Funding boost for charity that helps hoarders
A charity which offers help to compulsive hoarders and help get their lives back on track has received funding from Nottinghamshire County Council.
The county council’s Local Improvement Scheme has awarded £10,000 a year for the next three years to Jigsaw Support Scheme which supports people who have difficulties with hoarding in their home.
The project, based in CAB Regent Street in Mansfield, aims to provide support to hoarders by building their self-esteem to help them reach their goals to achieve and maintain clearance of their properties and to provide them with health and social care links, financial advice, and access counselling and befriending services.
Co-ordinator of the project Alison Waring said: “1.5 to 6 per cent of the population is affected by hoarding in some way and not only affects the hoarder but has a huge impact on their immediate family, friends and neighbours. The idea to set up this project came from partnership working with colleagues at Nottinghamshire County Council, when we identified that hoarders for example, can find themselves living in tents and unable to access their homes.
“Hoarding is a way of life for some and is an addiction. This funding from Nottinghamshire County Council’s Local Improvement Scheme is essential to ensure we can continue the vital work we do in the community with local people affected by this.”
People who need help to clear their properties in Mansfield and Ashfield are referred to Jigsaw by a range of services including Councils across the district, Occupational Therapists, Social Workers, Fire and Police Services.
Alison says that there are a wide range of hoarders who need help with their addiction, she has attended houses that are verminous and with no access at all due to their hoarding addiction. She has worked with food hoarders, paper collectors, toiletries, general waste, clothes and shoes. A lot of people due to ill health just can’t manage, clean and dispose of things themselves and are very lonely and isolated.
Councillor Gordon Wheeler, Vice-Chairman of the Communities and Place Committee, at Nottinghamshire County Council, said: “We are very pleased that we have been able to support such a worthwhile project. Jigsaw really does change lives and helps people to live with their hoarding addiction while improving their living environment.”
Councillor Joyce Bosnjak, from Nottinghamshire County Council, who supported the application for funding, said: “Jigsaw is well known locally for the tremendous work it does to transform people’s lives. I supported the application for funding for the charity so that it could continue with its excellent work in the local community.”
Dean, from Selston, has been helped by Jigsaw to address hoarding. He said: “My parents had passed away so I was living at home with my dog Tuppence on my own and suffered a stroke. I had nobody in the world. I came out of hospital and I just couldn’t cope or keep my property tidy. My hoarding addiction became worse and many rooms in my house were unusable. I couldn’t access my bed and I was sleeping on a mattress on the floor. I was under the threat of eviction. It was an extremely worrying and bad time in my life and could see no end to it.
“Jigsaw was my lifeline and since I have been working with them we have removed two skips full of rubbish with the help of Ashfield District Council and I am starting to feel more positive about life again. Jigsaw have helped with supporting me as a person, referred me to other agencies for benefit advice, fetching me food parcels from a local Food Bank and taking me to a Christmas Day meal as well as making inroads into clearing my property.”

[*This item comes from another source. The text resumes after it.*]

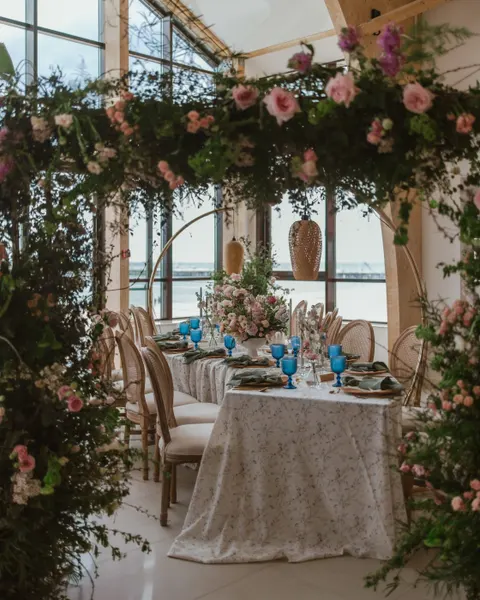 Stół weselny pod łukiem z kwiatów w sali restauracyjnej MUDO, za oknami morze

Jigsaw have recently become a regular member of the Ashfield Hoarders Panel which has been running as a multi-agency panel for over five years focussing on hoarders and the complexities which surround them. The panel focuses on a commitment by organisations who have engaged with the panel to be involved where necessary and to work collectively. Coordinating a joint approach to dealing with cases where residents hoard, with a view to assisting the vulnerable occupant/s and to provide all assistance available across agencies to improve conditions and health outcomes for the occupant/s. The panel also highlights best practice over the county and encourages other agencies to engage in areas to have trials on multi-agency working through Hoarders panels. The panel are pleased that Jigsaw have received further funding and that they are fully engaged in the Ashfield Area.